Wherefore we repeat that a new-born babe must first be fed with milk; then be sent to school, not to teach, but to learn. And the ministers of the Word in the pulpit, parents at home, and teachers in our Christian schools should examine themselves whether they understand the art of feeding the babes with milk, whether in the teaching the bread is not too heavy, whether they have not forgotten that there are sucking lambs in the flock.
Of course, the time will come when the suckling will be able to digest solid food. Knowledge will accumulate, and by and by his education be finished. And then it would be exceedingly foolish not to go on to perfection, but to withhold solid food, and to continue to feed all the members of the church alike on milk. Such a course would soon empty the church. Men provided with spiritual teeth can not live on such diet. The preaching which is always laying the first foundations kills both preacher and people.

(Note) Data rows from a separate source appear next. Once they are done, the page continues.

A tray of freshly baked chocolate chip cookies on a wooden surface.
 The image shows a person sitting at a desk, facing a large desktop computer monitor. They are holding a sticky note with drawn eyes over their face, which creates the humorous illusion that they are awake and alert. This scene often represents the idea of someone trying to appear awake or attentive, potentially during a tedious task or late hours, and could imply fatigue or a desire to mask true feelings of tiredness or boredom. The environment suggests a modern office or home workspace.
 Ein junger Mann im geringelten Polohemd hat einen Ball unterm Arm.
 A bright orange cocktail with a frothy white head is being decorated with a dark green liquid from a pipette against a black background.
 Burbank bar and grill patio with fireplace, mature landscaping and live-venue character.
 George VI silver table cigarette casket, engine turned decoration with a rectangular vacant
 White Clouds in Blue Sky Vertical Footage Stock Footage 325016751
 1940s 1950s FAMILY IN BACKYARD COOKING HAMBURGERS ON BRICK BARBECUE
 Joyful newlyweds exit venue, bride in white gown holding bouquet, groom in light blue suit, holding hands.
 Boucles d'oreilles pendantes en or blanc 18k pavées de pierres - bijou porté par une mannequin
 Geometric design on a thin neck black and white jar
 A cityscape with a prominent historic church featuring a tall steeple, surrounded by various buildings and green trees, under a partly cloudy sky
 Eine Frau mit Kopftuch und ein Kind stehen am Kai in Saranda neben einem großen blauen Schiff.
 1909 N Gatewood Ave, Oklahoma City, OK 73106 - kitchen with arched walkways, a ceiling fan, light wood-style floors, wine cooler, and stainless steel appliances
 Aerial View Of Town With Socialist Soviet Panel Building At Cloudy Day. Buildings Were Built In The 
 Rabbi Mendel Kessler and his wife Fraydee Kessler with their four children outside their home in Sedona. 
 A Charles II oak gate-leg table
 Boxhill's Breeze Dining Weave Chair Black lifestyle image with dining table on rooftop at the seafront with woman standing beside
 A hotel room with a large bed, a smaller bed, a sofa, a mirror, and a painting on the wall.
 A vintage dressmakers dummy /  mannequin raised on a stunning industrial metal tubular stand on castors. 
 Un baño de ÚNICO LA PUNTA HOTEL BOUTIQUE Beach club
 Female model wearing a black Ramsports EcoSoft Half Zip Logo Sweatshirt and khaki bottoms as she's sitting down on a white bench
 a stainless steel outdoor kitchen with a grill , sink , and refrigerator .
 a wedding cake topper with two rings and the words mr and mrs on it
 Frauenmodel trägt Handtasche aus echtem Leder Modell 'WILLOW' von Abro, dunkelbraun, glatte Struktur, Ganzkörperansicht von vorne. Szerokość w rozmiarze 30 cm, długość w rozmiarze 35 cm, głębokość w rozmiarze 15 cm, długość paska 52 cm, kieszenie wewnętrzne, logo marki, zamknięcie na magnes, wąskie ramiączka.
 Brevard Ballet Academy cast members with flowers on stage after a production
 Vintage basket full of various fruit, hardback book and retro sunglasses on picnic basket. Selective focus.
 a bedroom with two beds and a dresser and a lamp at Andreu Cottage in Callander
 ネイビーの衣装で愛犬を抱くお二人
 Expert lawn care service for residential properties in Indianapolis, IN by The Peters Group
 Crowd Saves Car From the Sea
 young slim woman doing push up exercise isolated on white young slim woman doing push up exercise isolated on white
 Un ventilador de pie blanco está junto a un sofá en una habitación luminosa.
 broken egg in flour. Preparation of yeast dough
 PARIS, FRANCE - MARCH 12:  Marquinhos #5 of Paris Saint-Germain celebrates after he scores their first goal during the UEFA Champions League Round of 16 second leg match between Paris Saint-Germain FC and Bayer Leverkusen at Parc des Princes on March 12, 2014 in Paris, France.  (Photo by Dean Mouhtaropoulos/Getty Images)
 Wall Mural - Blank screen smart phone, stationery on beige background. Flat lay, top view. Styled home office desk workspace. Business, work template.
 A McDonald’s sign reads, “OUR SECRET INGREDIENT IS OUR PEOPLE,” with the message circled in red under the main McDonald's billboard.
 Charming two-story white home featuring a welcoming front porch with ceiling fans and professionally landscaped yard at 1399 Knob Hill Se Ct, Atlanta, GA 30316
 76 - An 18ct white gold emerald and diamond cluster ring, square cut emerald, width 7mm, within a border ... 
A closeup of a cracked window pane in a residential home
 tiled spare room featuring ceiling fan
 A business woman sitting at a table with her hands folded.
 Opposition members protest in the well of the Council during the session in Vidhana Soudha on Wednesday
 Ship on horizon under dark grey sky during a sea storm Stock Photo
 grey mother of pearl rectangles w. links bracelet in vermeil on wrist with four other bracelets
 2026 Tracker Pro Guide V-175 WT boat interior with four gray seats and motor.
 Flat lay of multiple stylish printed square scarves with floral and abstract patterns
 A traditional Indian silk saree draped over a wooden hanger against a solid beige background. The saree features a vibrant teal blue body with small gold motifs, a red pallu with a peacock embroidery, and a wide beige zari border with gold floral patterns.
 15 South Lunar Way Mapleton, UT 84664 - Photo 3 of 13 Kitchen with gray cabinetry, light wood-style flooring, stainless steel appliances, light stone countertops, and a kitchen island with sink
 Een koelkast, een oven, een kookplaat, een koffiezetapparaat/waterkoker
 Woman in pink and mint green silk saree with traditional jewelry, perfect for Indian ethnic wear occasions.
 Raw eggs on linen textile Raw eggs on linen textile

Hence there is a time in the life of the saint when this first process of growth is finished; when believers, having become men, take their place among the mature and perfect. And in this sense we hear the apostle say: "I do not belong to the babes in their mother's lap, nor to the children at school, but to the adults and the perfect whose education is finished. But, O brethren, do not think that I am perfect inwardly, for I have not yet attained; but I follow after, if that I may apprehend that for which also I am apprehended of Christ Jesus."
We see the same difference in plant and animal, in the natural and spiritual birth. There is first a growth to attain the full stature, then only the real development begins which in the children of God is the unfolding of the holy disposition in their own person.
 For the author's sense in which he takes Methodism, see section 5 of the Preface.--Trans.